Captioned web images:
::::::::

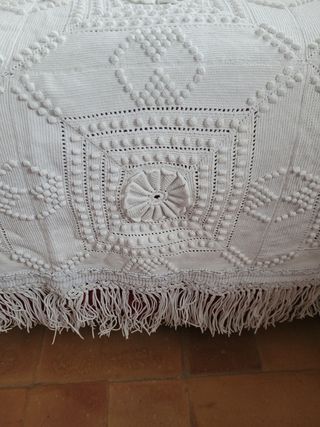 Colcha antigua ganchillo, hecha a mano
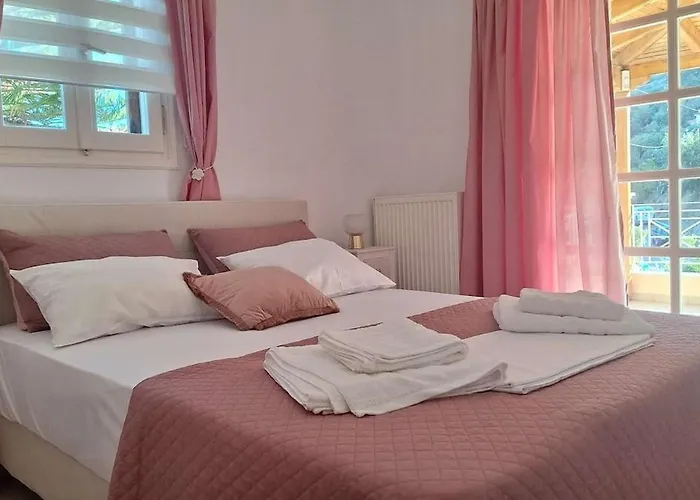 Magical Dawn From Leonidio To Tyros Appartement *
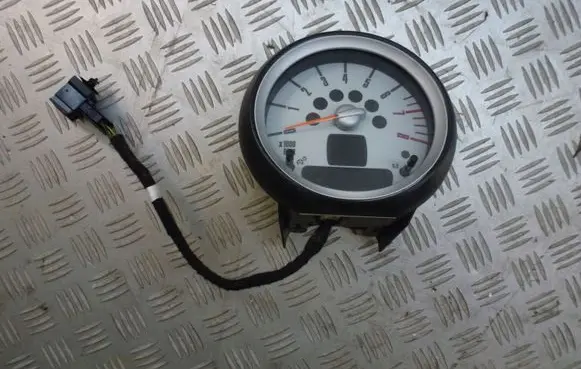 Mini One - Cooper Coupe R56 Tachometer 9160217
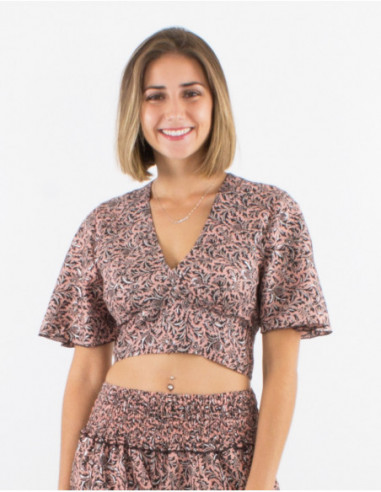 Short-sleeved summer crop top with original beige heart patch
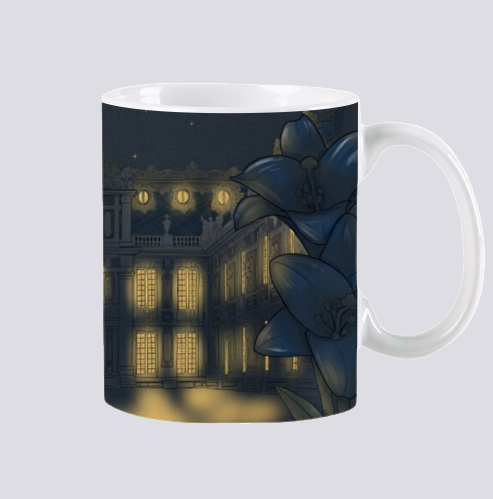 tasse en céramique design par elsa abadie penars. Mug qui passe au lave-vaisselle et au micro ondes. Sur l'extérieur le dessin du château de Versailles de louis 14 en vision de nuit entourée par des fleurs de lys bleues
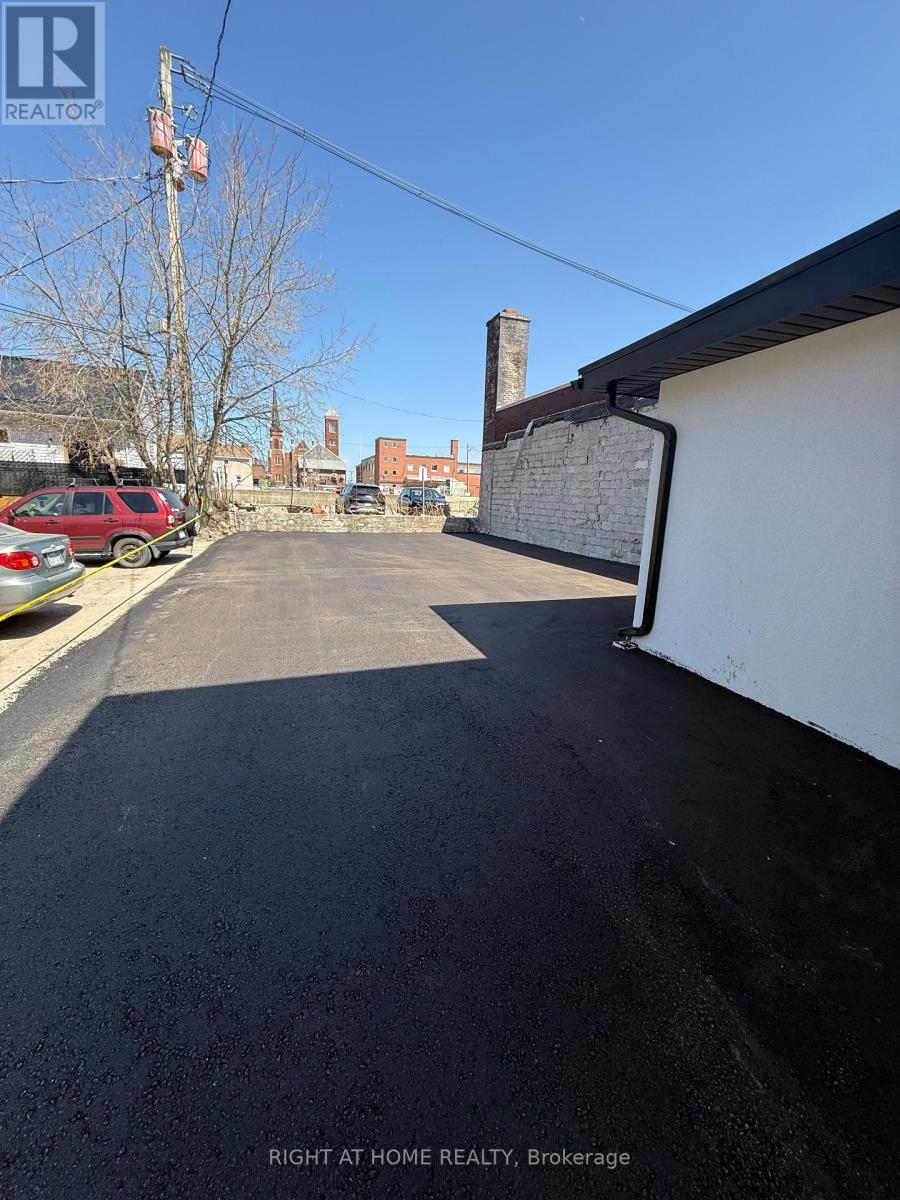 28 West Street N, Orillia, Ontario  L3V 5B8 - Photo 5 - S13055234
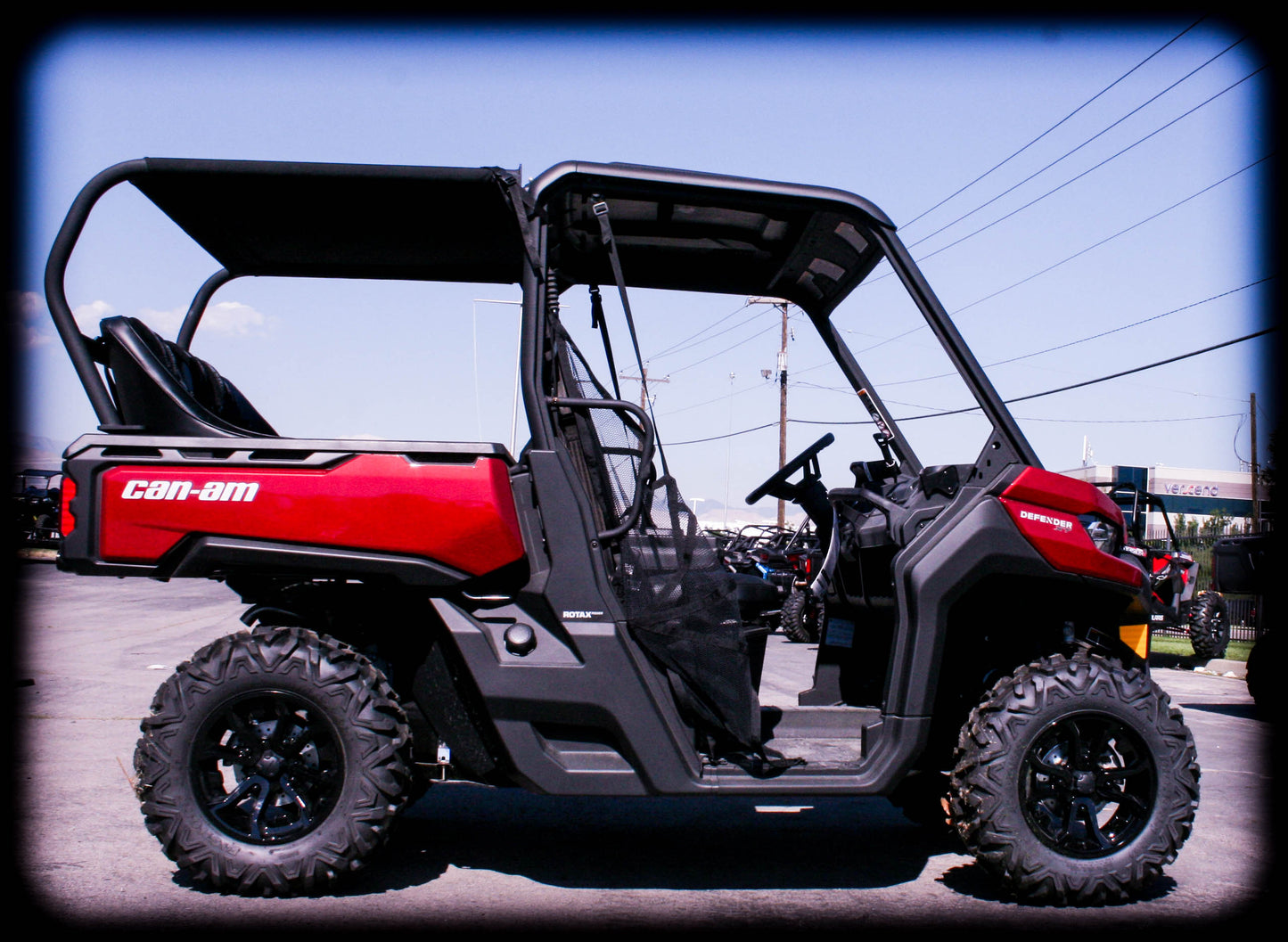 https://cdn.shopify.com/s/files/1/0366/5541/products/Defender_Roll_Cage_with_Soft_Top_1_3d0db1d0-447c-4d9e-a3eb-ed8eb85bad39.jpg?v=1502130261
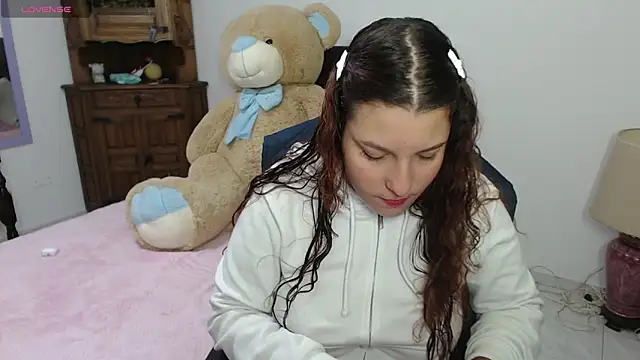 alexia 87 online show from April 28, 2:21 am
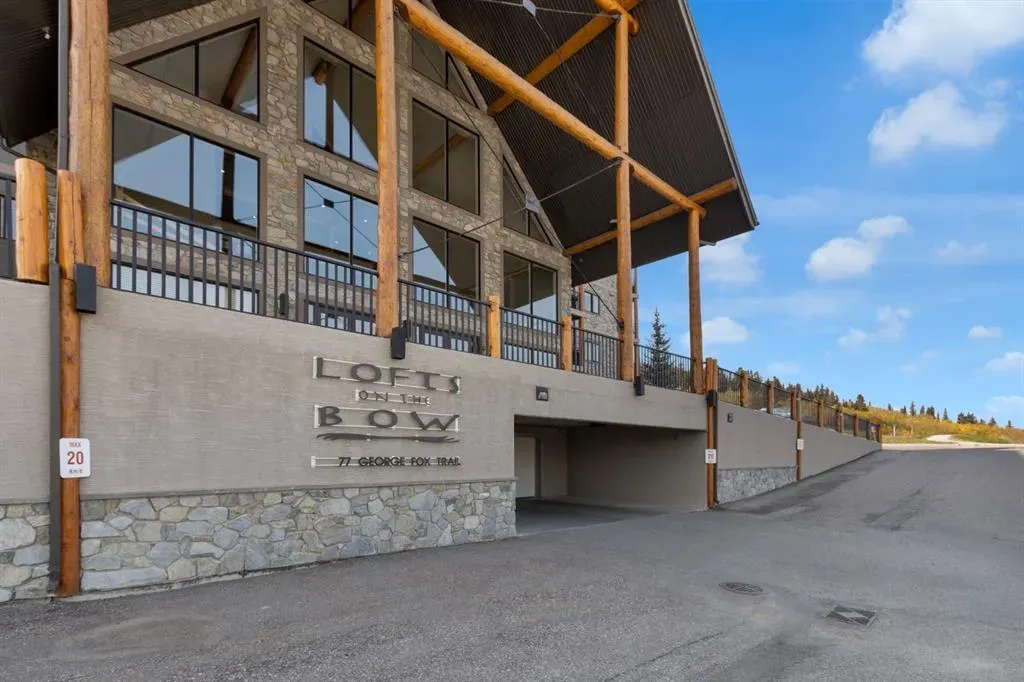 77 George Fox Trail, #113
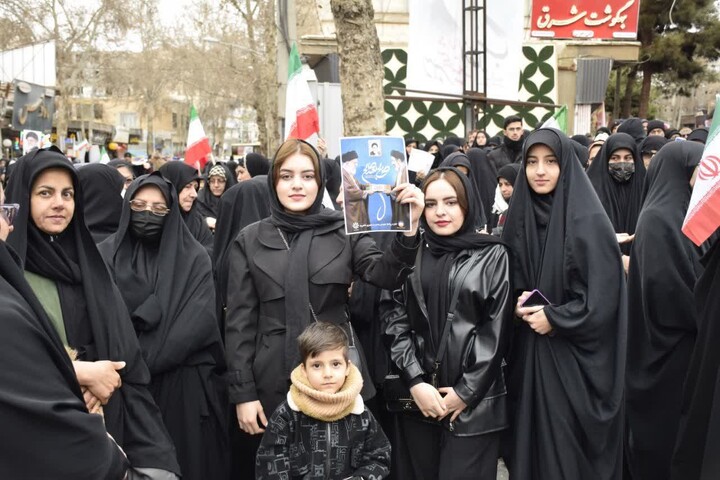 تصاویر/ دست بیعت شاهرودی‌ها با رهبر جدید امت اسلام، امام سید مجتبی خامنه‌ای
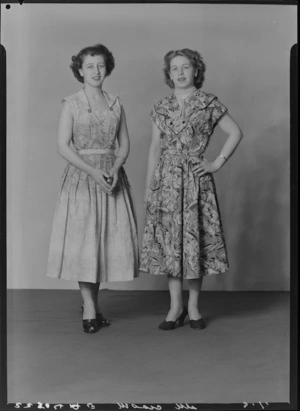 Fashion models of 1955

::::::::

* **Task prompt**:
Repeat exactly the lines from the first line of the records above through the line containing "Short-sleeved summer crop", both included. Leave out the pictures.

* **Completed task**:
 Colcha antigua ganchillo, hecha a mano
 Magical Dawn From Leonidio To Tyros Appartement *
 Mini One - Cooper Coupe R56 Tachometer 9160217
 Short-sleeved summer crop top with original beige heart patch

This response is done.